Somewhere below is a line with "Hello YouTube. A" and, later, a line with "In the decimal"; repeat those two lines and all the lines between them, exactly as they are.

Dataset entries
···
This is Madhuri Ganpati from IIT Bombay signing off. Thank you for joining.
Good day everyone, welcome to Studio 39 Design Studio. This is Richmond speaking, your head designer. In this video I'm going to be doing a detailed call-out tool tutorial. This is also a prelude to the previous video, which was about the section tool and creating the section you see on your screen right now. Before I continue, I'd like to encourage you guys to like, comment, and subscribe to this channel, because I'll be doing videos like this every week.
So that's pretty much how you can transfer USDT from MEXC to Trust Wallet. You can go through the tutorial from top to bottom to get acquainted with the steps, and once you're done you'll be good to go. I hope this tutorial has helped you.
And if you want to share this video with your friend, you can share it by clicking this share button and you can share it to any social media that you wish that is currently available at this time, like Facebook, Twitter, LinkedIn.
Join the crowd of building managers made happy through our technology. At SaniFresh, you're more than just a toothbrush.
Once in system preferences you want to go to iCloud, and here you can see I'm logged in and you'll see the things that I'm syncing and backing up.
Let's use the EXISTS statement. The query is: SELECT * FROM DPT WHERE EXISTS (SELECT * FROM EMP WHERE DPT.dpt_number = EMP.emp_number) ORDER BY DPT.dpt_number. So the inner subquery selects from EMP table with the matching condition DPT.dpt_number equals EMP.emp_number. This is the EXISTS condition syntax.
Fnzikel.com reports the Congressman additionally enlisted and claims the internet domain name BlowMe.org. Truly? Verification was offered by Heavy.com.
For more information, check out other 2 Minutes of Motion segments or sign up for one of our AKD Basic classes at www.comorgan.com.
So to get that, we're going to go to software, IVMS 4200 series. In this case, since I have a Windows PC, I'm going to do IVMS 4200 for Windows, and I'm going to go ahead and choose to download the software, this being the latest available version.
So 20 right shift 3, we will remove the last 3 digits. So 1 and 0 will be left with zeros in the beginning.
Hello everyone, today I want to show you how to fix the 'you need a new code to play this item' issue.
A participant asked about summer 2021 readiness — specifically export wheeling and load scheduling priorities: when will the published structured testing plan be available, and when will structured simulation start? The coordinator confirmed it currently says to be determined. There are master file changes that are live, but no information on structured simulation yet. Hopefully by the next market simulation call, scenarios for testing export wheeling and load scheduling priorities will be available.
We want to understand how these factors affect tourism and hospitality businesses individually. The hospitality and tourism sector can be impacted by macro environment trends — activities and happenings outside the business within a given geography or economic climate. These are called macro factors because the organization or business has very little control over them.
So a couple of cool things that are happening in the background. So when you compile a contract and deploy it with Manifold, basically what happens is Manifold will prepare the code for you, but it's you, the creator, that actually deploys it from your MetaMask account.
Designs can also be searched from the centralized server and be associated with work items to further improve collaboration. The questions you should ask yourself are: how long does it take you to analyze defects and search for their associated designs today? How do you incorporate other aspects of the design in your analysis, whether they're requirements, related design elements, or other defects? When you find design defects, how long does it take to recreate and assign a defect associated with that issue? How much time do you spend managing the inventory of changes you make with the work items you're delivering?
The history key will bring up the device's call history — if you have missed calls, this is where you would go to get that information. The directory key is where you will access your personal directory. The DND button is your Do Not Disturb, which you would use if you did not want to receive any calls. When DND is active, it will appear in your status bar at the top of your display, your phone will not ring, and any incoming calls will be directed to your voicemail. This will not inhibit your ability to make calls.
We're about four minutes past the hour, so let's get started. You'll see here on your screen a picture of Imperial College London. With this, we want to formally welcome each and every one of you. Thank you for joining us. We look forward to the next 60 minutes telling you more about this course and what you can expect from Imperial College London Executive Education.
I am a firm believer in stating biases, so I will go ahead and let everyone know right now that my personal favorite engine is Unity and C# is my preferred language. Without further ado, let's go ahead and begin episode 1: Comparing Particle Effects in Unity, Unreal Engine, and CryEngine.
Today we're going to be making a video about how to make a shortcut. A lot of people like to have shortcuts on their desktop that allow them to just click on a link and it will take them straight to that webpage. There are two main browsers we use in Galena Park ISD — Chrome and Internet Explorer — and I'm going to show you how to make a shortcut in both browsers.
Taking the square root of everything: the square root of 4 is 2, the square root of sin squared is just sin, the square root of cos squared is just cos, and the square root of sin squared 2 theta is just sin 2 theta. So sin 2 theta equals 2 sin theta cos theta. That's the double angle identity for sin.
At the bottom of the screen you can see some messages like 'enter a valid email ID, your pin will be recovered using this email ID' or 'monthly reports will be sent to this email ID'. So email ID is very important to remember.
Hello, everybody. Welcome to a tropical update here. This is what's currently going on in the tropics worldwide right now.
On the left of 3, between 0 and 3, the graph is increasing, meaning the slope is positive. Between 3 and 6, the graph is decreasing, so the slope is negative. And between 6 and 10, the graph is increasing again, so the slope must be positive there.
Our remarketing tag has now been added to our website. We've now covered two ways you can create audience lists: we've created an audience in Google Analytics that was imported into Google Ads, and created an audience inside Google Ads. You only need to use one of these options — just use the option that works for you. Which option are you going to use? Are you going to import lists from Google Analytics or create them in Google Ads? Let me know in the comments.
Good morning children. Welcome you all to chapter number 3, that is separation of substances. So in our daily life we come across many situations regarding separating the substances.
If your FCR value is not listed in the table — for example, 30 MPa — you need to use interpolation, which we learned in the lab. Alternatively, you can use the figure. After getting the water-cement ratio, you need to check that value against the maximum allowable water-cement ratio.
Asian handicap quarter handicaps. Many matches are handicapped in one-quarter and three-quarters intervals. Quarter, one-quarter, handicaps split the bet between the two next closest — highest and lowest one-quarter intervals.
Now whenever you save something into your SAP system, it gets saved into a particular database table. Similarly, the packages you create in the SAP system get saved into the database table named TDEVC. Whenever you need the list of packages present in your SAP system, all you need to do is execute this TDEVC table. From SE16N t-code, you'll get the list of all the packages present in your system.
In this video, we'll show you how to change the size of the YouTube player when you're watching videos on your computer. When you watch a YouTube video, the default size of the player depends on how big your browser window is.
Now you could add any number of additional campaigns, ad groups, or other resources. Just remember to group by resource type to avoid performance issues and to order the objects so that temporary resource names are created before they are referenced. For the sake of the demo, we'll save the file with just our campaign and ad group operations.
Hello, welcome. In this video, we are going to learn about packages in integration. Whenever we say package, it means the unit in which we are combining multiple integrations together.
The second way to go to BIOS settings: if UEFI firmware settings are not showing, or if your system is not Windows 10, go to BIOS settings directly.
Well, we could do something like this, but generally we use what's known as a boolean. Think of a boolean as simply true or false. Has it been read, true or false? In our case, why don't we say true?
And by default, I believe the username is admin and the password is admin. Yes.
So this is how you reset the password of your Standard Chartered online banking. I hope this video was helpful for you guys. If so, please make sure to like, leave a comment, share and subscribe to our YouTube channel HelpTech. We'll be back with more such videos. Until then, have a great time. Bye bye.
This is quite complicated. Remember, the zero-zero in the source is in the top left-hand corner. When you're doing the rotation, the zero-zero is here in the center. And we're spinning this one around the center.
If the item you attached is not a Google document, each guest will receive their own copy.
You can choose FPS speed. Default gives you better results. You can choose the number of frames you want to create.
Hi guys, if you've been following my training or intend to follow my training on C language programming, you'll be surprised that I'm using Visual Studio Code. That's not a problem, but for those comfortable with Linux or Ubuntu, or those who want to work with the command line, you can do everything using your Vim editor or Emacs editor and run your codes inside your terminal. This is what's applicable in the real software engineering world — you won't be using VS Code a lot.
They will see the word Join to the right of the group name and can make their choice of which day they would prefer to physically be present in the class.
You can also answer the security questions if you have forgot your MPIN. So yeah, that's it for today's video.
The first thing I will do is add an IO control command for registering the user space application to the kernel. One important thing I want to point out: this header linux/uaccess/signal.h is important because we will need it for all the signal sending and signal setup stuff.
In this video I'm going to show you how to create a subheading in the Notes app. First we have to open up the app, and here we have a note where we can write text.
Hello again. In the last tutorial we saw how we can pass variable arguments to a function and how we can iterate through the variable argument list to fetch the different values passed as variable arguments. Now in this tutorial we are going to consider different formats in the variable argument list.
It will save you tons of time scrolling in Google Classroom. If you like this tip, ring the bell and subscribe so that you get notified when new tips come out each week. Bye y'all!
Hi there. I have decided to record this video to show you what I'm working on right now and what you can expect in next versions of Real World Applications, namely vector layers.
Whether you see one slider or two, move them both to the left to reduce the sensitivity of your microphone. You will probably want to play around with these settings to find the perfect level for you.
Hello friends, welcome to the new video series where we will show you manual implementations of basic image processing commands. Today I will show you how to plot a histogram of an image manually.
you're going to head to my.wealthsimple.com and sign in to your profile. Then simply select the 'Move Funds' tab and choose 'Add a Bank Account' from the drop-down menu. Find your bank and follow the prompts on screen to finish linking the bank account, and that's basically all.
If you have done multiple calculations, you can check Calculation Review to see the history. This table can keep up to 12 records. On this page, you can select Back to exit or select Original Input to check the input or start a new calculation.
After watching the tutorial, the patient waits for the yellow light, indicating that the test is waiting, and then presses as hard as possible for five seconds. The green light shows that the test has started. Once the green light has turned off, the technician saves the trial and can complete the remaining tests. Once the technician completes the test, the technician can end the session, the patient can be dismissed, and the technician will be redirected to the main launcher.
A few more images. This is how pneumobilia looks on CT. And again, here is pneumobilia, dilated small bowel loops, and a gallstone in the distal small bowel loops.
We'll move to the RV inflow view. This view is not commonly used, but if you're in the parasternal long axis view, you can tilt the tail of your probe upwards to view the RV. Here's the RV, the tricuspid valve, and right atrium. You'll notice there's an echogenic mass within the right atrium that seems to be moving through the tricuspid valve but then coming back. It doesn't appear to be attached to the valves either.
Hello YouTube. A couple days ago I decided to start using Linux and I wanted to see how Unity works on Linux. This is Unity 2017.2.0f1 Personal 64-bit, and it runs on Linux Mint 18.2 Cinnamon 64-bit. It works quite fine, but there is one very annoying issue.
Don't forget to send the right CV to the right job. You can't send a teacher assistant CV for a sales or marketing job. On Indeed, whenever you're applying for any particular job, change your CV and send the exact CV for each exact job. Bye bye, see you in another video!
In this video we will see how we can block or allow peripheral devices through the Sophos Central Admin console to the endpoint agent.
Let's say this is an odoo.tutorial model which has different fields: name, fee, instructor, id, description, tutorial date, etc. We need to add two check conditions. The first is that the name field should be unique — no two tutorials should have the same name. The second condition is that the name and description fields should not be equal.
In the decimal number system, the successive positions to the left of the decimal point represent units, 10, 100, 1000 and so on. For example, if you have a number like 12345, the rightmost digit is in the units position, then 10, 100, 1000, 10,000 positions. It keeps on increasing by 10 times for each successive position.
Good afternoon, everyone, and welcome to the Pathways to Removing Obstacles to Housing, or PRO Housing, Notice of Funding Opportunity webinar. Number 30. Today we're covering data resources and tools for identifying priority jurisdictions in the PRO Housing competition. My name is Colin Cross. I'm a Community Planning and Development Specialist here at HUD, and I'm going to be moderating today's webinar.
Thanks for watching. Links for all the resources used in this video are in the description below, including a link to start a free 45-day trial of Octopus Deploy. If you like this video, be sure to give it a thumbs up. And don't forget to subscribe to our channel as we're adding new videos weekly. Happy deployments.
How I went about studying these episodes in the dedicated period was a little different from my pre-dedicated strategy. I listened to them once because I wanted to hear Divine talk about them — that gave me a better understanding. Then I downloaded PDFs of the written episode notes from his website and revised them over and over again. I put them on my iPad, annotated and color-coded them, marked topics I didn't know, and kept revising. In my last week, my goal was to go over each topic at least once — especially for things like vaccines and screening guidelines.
···
> _Answer for this exercise_
Hello YouTube. A couple days ago I decided to start using Linux and I wanted to see how Unity works on Linux. This is Unity 2017.2.0f1 Personal 64-bit, and it runs on Linux Mint 18.2 Cinnamon 64-bit. It works quite fine, but there is one very annoying issue.
Don't forget to send the right CV to the right job. You can't send a teacher assistant CV for a sales or marketing job. On Indeed, whenever you're applying for any particular job, change your CV and send the exact CV for each exact job. Bye bye, see you in another video!
In this video we will see how we can block or allow peripheral devices through the Sophos Central Admin console to the endpoint agent.
Let's say this is an odoo.tutorial model which has different fields: name, fee, instructor, id, description, tutorial date, etc. We need to add two check conditions. The first is that the name field should be unique — no two tutorials should have the same name. The second condition is that the name and description fields should not be equal.
In the decimal number system, the successive positions to the left of the decimal point represent units, 10, 100, 1000 and so on. For example, if you have a number like 12345, the rightmost digit is in the units position, then 10, 100, 1000, 10,000 positions. It keeps on increasing by 10 times for each successive position.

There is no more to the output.